----- Data

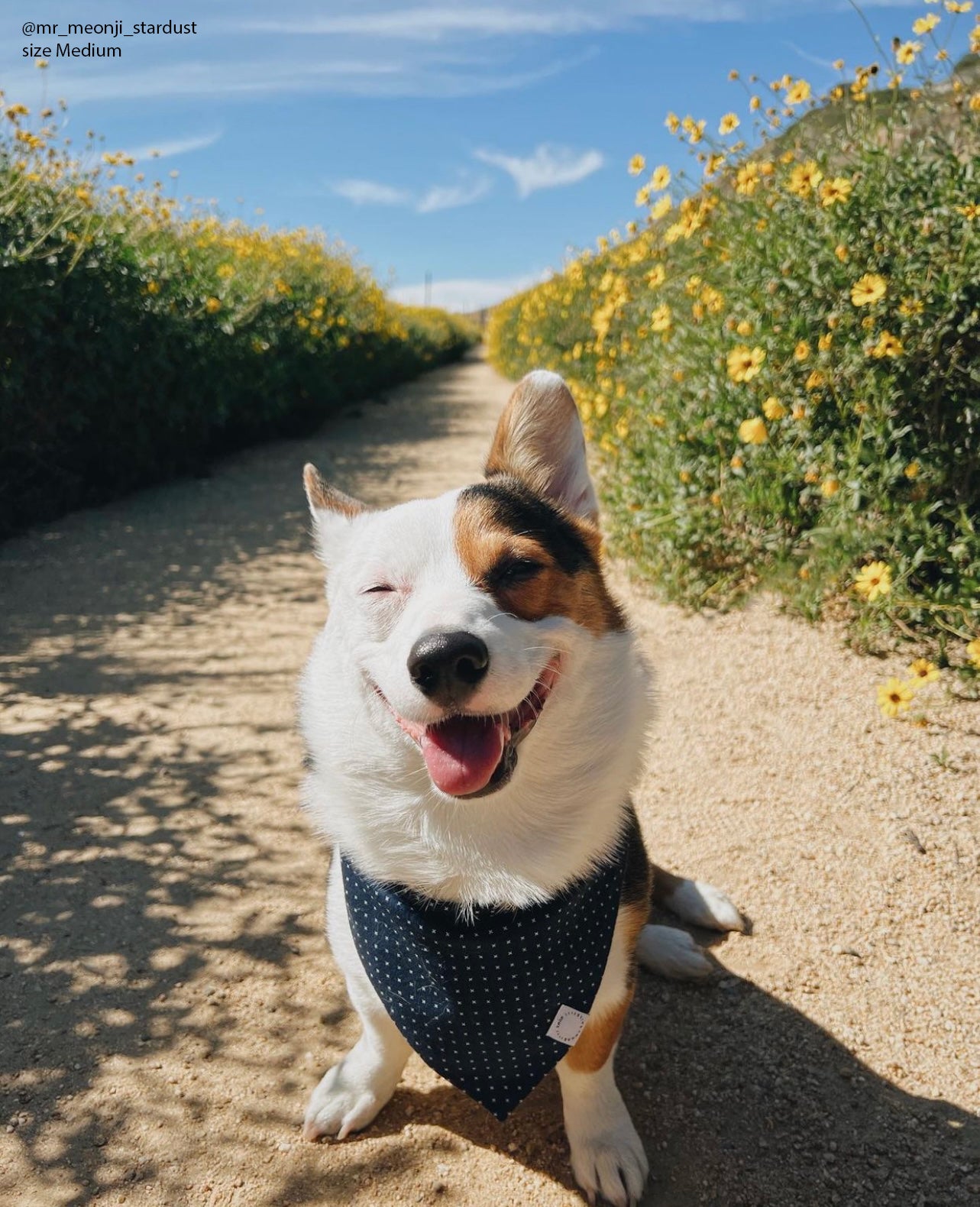 Classic Navy Dog Bandana - SUNNY TAILS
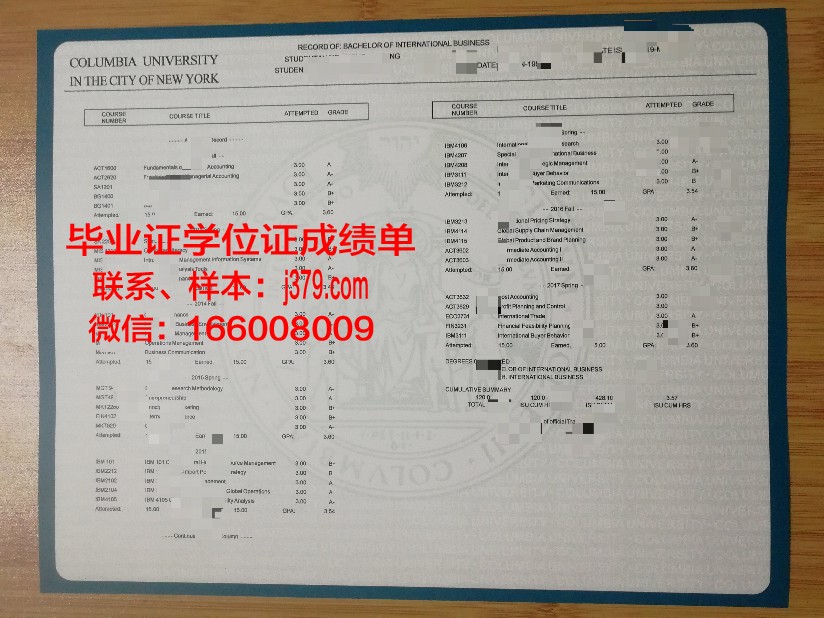 海得拉巴大学成绩单：一份承载荣誉与梦想的纸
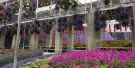 Cameron Highlands Flora Park Tickets Cameron Highlands Flora Park Tickets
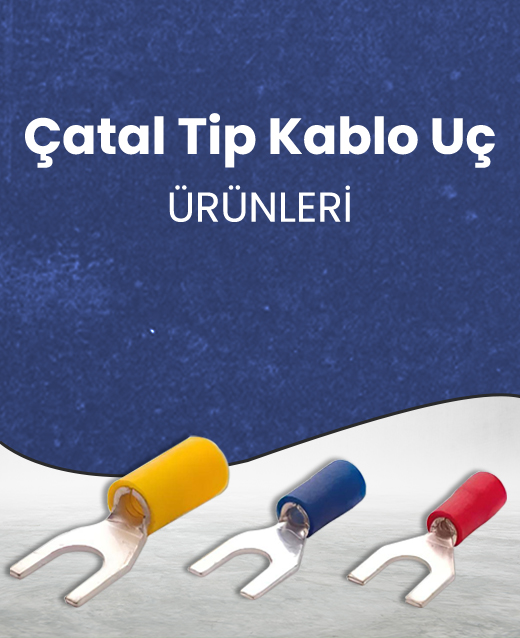 Priz Çeşitleri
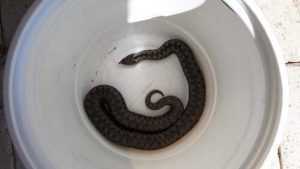 Au găsit o viperă în casă! Panică pentru o familie din Câmpulung 15 vipera casa - Au găsit o viperă în casă! Panică pentru o familie din Câmpulung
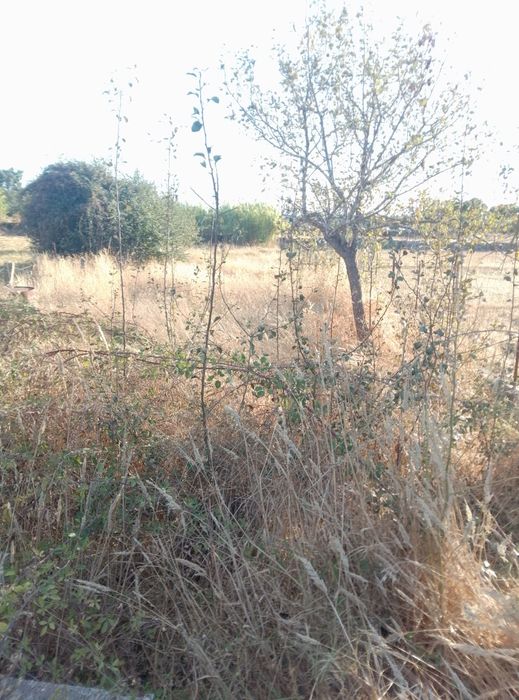Terreno em Alcains venda urgente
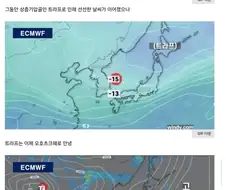 ㅌㄹㅍ 떠나자 난리난 한국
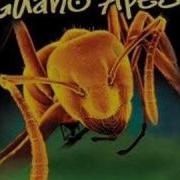 Guano Apes Open Your Eyes W Lyrics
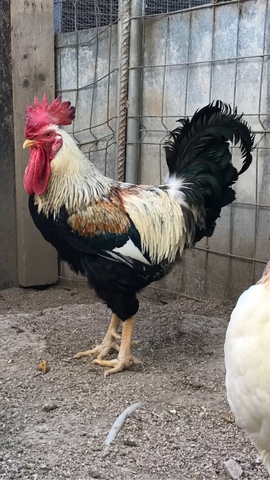 MIL ANUNCIOS.COM - Huevos Gallina Murciana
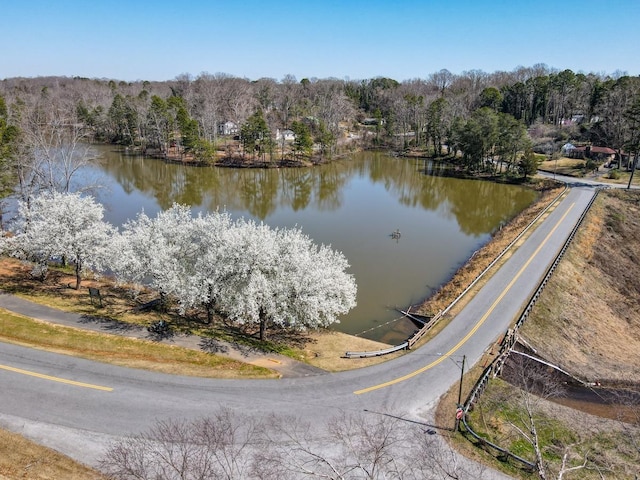 birds eye view of property featuring a water view and a wooded view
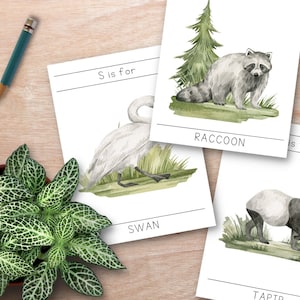 Tarjetas flash imprimibles del alfabeto animal ABC, arte en el aula, animales de acuarela, tarjetas flash de letras Montessori, tarjetas del alfabeto de la naturaleza, póster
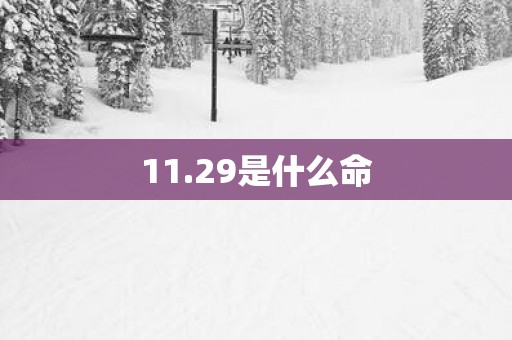 11.29是什么命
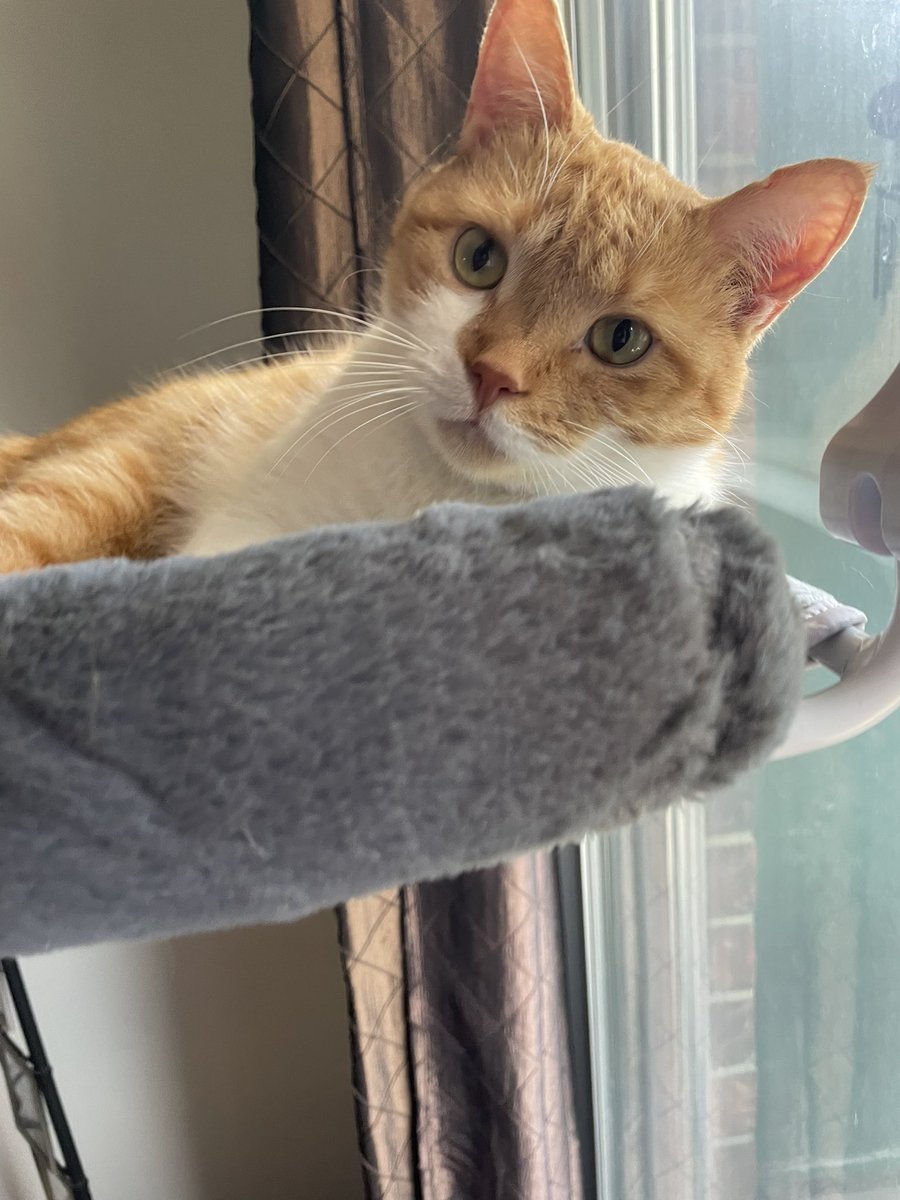 phoenixblur's tweet photo. Happy International cat day from Toast and Waffles! ๐งก๐ค
#internationalcatday2024 #CatsOfTwitter #BreakfastBoys https://t.co/nOcyIFkVIb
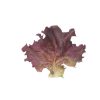 Dark Red Lollo Rossa - Lettuce Seed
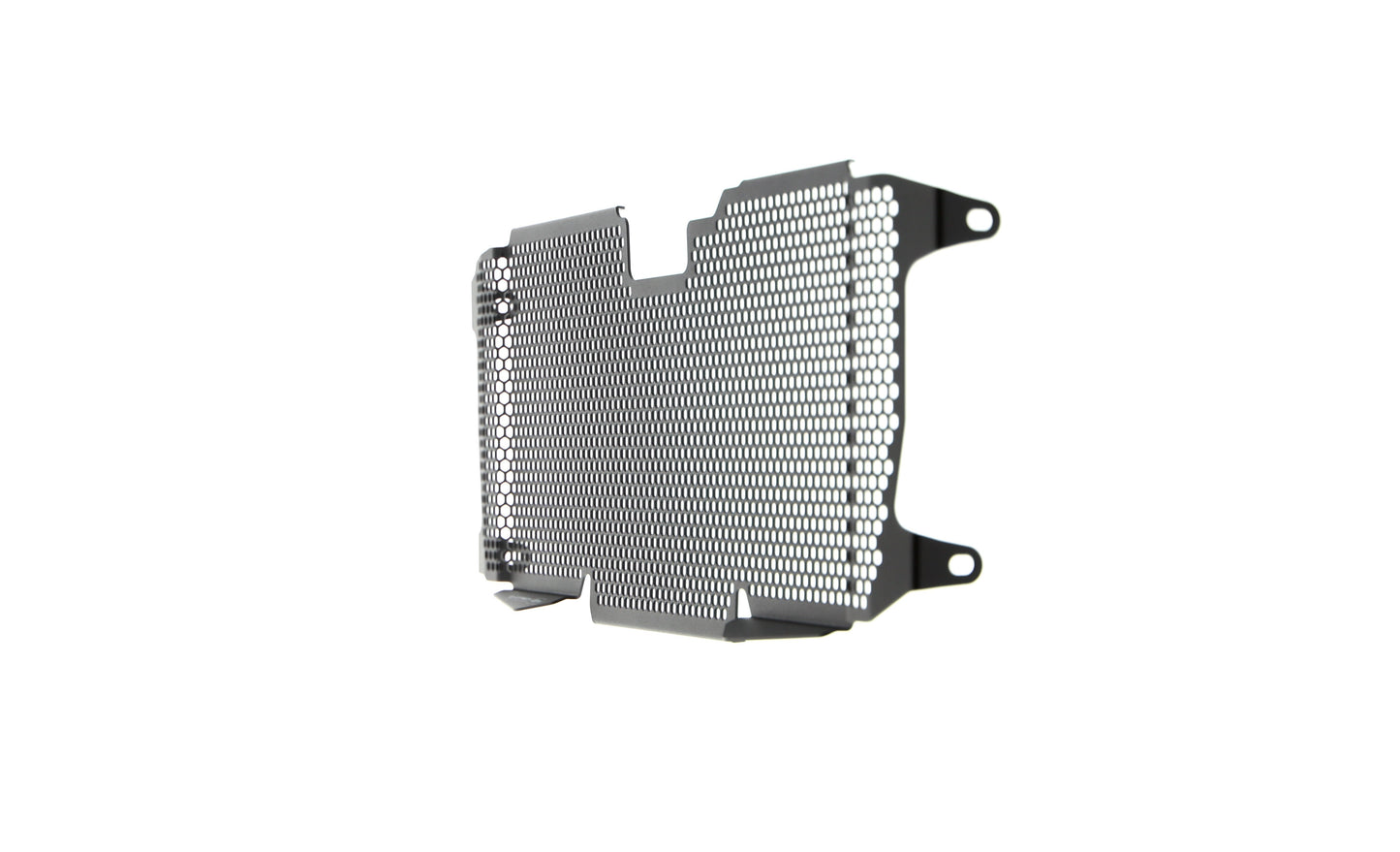 Evotech Radiator Guard - BMW R 1200 RS (2015 - 2018)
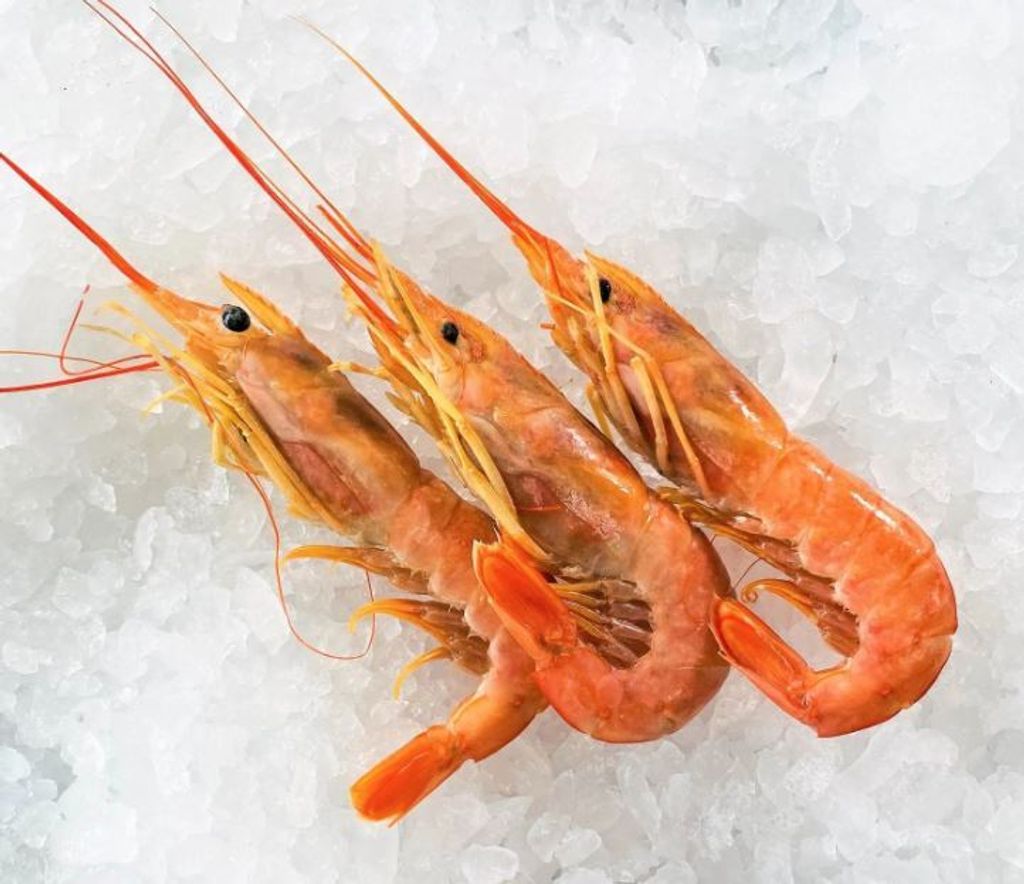 Argentina Red Shrimp 20-30 (2kg per pkt) 3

----------

● **Task description**
Only the lines from the start of the records to the one containing "Priz Çeşitleri" should be repeated, exactly and with both ends kept; drop any pictures.

● **Task solution**
 Classic Navy Dog Bandana - SUNNY TAILS
 海得拉巴大学成绩单：一份承载荣誉与梦想的纸
 Cameron Highlands Flora Park Tickets Cameron Highlands Flora Park Tickets
 Priz Çeşitleri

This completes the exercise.